• copper;
  • electrochemistry;
  • nanoparticles;
  • palladium;
  • supported catalysts


Monodisperse bimetallic Pd–Cu nanoparticles with controllable size and composition were synthesized by a one-step multiphase ethylene glycol (EG) method. Adjusting the stoichiometric ratio of the Pd and Cu precursors afforded nanoparticles with different compositions, such as Pd85–Cu15, Pd56–Cu44, and Pd39–Cu61. The nanoparticles were separated from the solution mixture by extraction with non-polar solvents, such as n-hexane. Monodisperse bimetallic Pd–Cu nanoparticles with narrow size-distribution were obtained without the need for a size-selection process. Capping ligands that were bound to the surface of the particles were removed through heat treatment when the as-prepared nanoparticles were loaded onto a Vulcan XC-72 carbon support.

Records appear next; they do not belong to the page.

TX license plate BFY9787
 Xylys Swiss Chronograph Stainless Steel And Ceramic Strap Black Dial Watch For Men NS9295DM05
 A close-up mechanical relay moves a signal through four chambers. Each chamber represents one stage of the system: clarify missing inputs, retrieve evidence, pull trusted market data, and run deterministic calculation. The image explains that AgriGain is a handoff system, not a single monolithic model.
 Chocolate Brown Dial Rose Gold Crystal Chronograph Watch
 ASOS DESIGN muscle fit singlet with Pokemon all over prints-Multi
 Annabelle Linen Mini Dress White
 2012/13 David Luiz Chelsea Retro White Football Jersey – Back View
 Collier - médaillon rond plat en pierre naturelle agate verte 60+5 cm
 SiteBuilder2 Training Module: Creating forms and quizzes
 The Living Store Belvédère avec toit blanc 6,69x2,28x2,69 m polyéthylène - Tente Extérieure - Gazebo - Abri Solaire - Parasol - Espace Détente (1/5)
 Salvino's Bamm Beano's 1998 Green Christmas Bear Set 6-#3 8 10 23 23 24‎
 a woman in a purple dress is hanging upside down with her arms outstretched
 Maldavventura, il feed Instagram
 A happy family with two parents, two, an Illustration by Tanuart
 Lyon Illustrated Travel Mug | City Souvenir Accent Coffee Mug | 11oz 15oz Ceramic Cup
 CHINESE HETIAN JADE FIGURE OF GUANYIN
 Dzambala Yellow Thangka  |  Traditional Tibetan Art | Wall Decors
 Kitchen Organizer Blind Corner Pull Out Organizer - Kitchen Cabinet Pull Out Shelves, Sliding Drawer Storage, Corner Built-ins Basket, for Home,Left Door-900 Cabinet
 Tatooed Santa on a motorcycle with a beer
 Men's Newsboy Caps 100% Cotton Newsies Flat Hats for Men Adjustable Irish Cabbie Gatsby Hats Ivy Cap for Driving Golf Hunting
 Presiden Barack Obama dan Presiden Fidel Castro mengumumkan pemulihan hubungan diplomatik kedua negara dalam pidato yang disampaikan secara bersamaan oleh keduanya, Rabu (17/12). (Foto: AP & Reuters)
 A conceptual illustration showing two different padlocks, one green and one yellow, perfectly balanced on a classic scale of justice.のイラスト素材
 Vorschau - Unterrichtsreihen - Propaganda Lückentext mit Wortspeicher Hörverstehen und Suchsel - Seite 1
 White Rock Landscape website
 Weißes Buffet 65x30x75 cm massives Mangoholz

Supported bimetallic Pd–Cu nanoparticles showed enhanced electrocatalytic activity towards methanol oxidation compared with supported Pd nanoparticles that were fabricated according to the same EG method. For a bimetallic Pd–Cu catalyst that contained 15 % Cu, the activity was even comparable to the state-of-the-art commercially available Pt/C catalysts. A STEM-HAADF study indicated that the formation of random solid-solution alloy structures in the bimetallic Pd85–Cu15/C catalysts played a key role in improving the electrochemical activity.